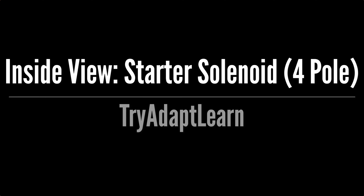Try, adapt, learn. In this video we will take a quick look inside a 12-volt four-pole starter solenoid.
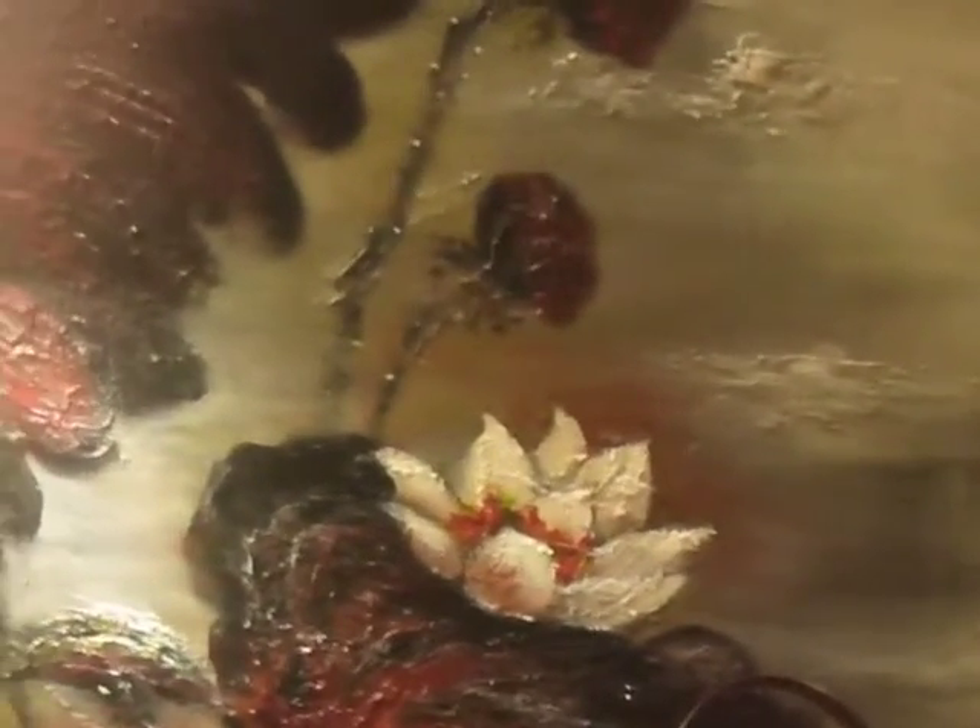There's a huge amount of textures in this painting, simply by building up paint over and over again, adding mediums in to kind of push the paint further.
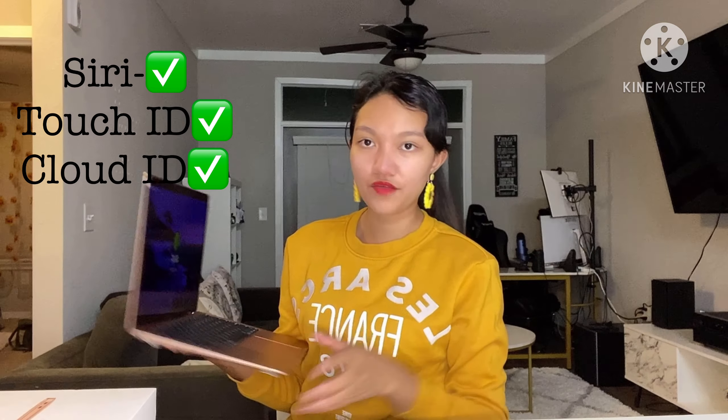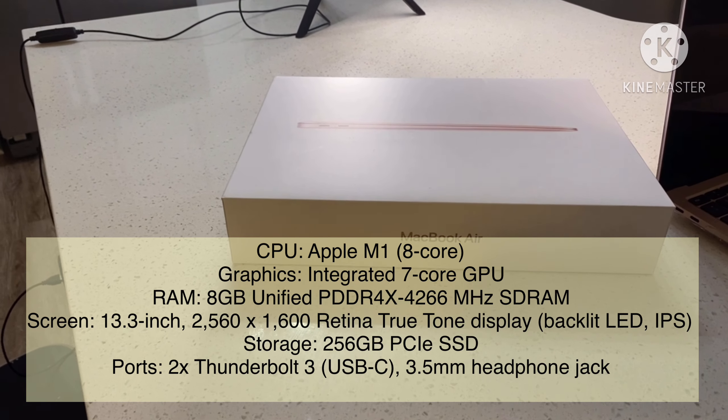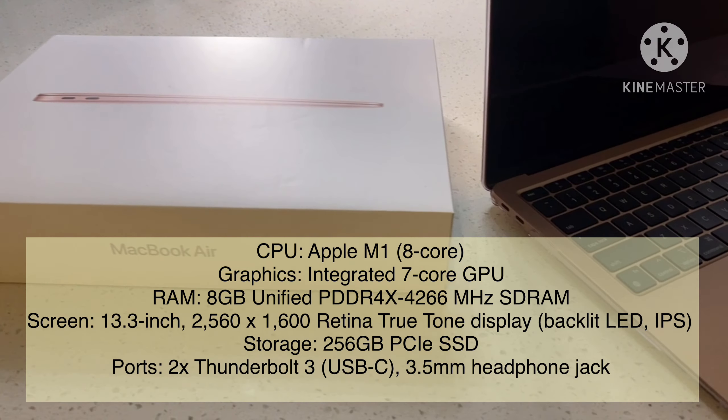I pretty much set up everything — Siri, the Touch ID, everything that is needed, also the iCloud. So, let's talk about the specs of the MacBook Air 2020 M1 Edition.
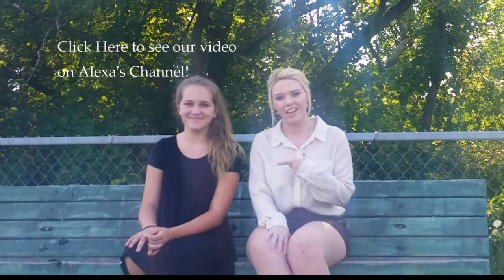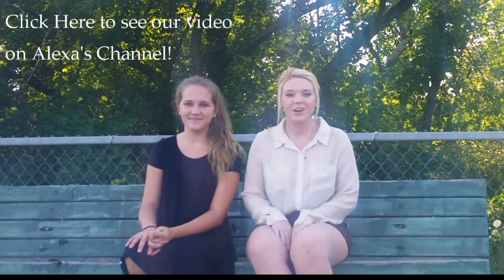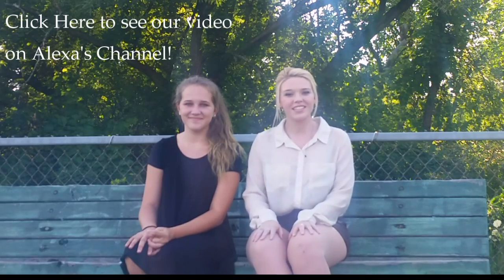And that's pretty much how we did it. Thank you so much for watching. Don't forget to like and subscribe, and don't forget to go see the video that we did over on Alexa's channel. We did a cover of Before He Cheats by Carrie Underwood. Thanks again and I'll see you next time. Bye!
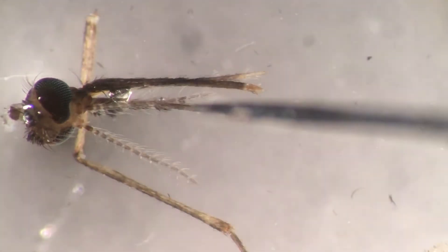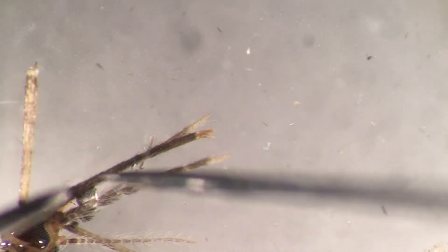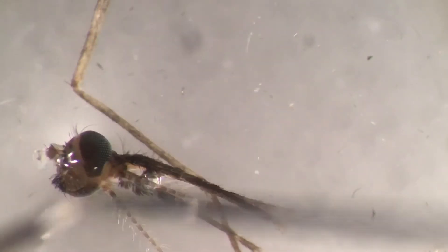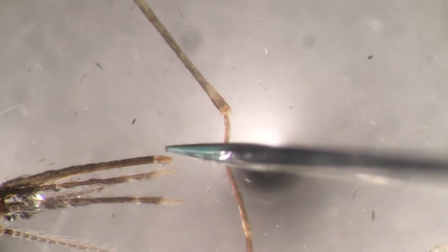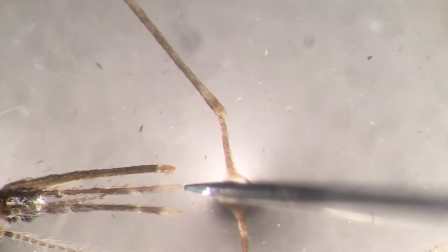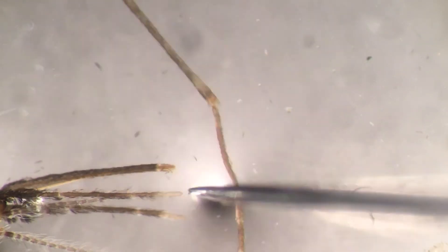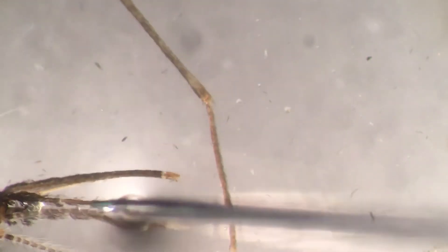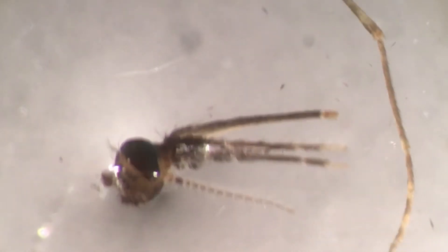The male antennae are covered with hairs because they have the function of detecting pheromones and other female molecules for mating, so they're huge. But in females they're small. The proboscis is the actual piercing structure - it's between the two palps. There it is: that's one palp, that's the proboscis, and that's another palp. The actual piercing bit is inside, as this is like a sheath, and inside is the actual piercing structure that goes inside the skin.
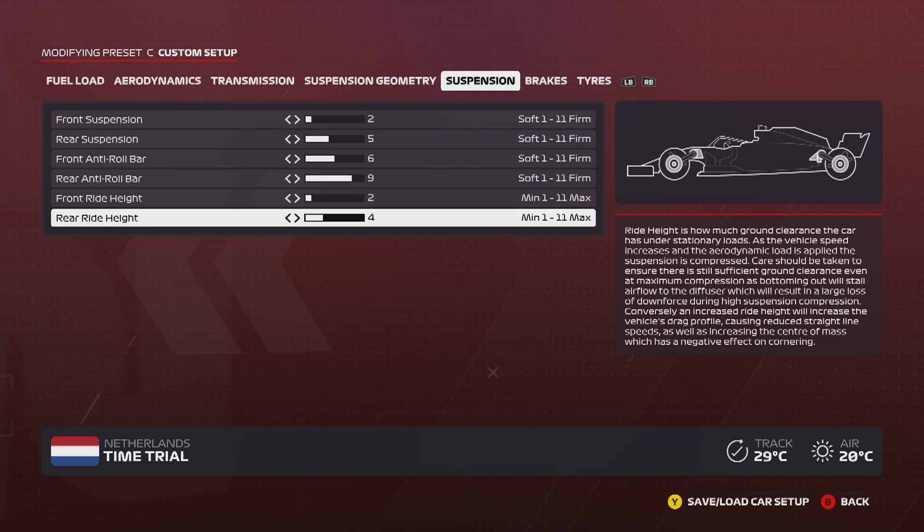Moving on to ride height: there are some quite aggressive, high curbs on this track and sometimes you really need to cut corners to get time, so that's why I've gone with 2/4. It's a good balance for me personally. I'd recommend always keeping the rear ride height around two clicks higher than the front — this helps the stability of the rear, especially if you really like the rear to be planted and don't like oversteer. If you do like oversteer, maybe try 2/3, or even 3/3 or 3/4 — it just depends on you.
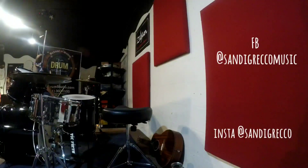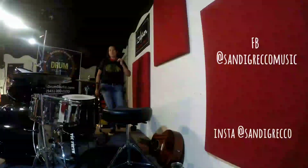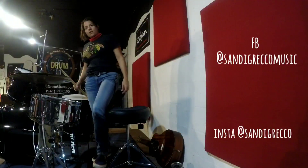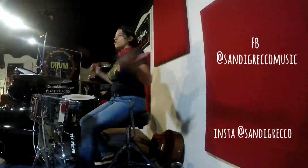Hello, all the good people of YouTube and Facebook and Instagram and Twitter and all the other places on the interwebs that you may see me. Hi, my name is Sandy. I'm right here at the Drum Studio School of Music in Sarasota, Florida. How are you doing? Today we're on the stage — I figured, what the heck, we might as well do a video up here.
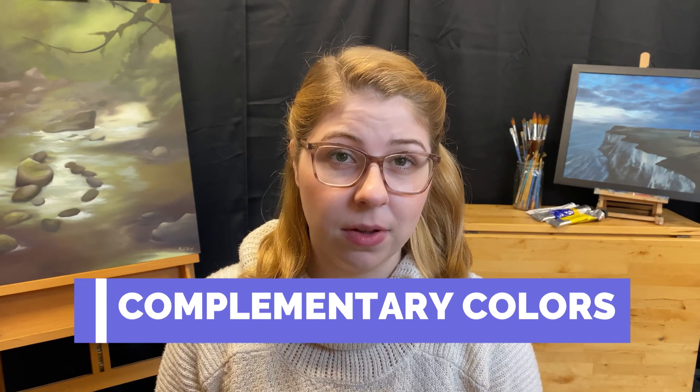Hi, my name is Rachel and welcome to my channel. Today we're going to be continuing on our paint mixing journey. We're going to be talking about the all-important complementary colors — what they are and how artists use them.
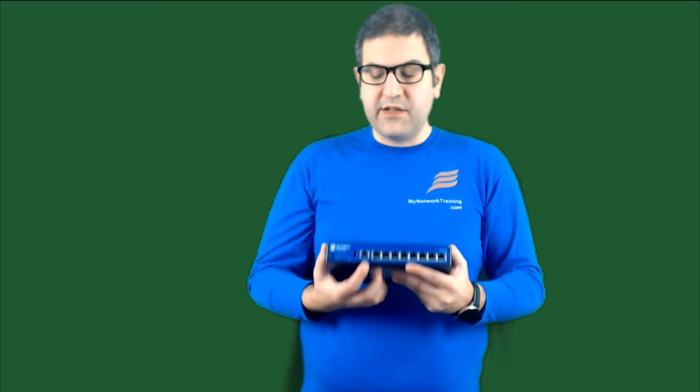The first step is to use the console port. The console cable is RJ45 on one side and DB9 on the other side. I connect it to my computer, then go to the software and do the reset of the configuration from the console.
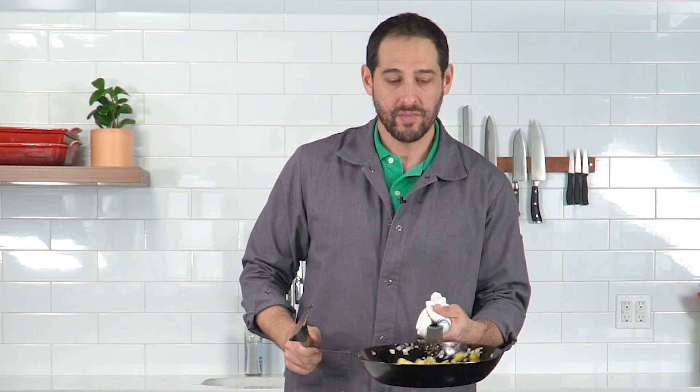The only way to learn is to try. And be prepared, because you're probably gonna make a mess at first. But it's okay. You gotta break a few eggs to make an omelet — except that an omelet is an entirely different technique.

> [WHAT THE TASK ASKS]: An exact copy of the records above is wanted, with the pictures omitted.

> [ANSWER]:
Try, adapt, learn. In this video we will take a quick look inside a 12-volt four-pole starter solenoid.
There's a huge amount of textures in this painting, simply by building up paint over and over again, adding mediums in to kind of push the paint further.
I pretty much set up everything — Siri, the Touch ID, everything that is needed, also the iCloud. So, let's talk about the specs of the MacBook Air 2020 M1 Edition.
And that's pretty much how we did it. Thank you so much for watching. Don't forget to like and subscribe, and don't forget to go see the video that we did over on Alexa's channel. We did a cover of Before He Cheats by Carrie Underwood. Thanks again and I'll see you next time. Bye!
The male antennae are covered with hairs because they have the function of detecting pheromones and other female molecules for mating, so they're huge. But in females they're small. The proboscis is the actual piercing structure - it's between the two palps. There it is: that's one palp, that's the proboscis, and that's another palp. The actual piercing bit is inside, as this is like a sheath, and inside is the actual piercing structure that goes inside the skin.
Moving on to ride height: there are some quite aggressive, high curbs on this track and sometimes you really need to cut corners to get time, so that's why I've gone with 2/4. It's a good balance for me personally. I'd recommend always keeping the rear ride height around two clicks higher than the front — this helps the stability of the rear, especially if you really like the rear to be planted and don't like oversteer. If you do like oversteer, maybe try 2/3, or even 3/3 or 3/4 — it just depends on you.
Hello, all the good people of YouTube and Facebook and Instagram and Twitter and all the other places on the interwebs that you may see me. Hi, my name is Sandy. I'm right here at the Drum Studio School of Music in Sarasota, Florida. How are you doing? Today we're on the stage — I figured, what the heck, we might as well do a video up here.
Hi, my name is Rachel and welcome to my channel. Today we're going to be continuing on our paint mixing journey. We're going to be talking about the all-important complementary colors — what they are and how artists use them.
The first step is to use the console port. The console cable is RJ45 on one side and DB9 on the other side. I connect it to my computer, then go to the software and do the reset of the configuration from the console.
The only way to learn is to try. And be prepared, because you're probably gonna make a mess at first. But it's okay. You gotta break a few eggs to make an omelet — except that an omelet is an entirely different technique.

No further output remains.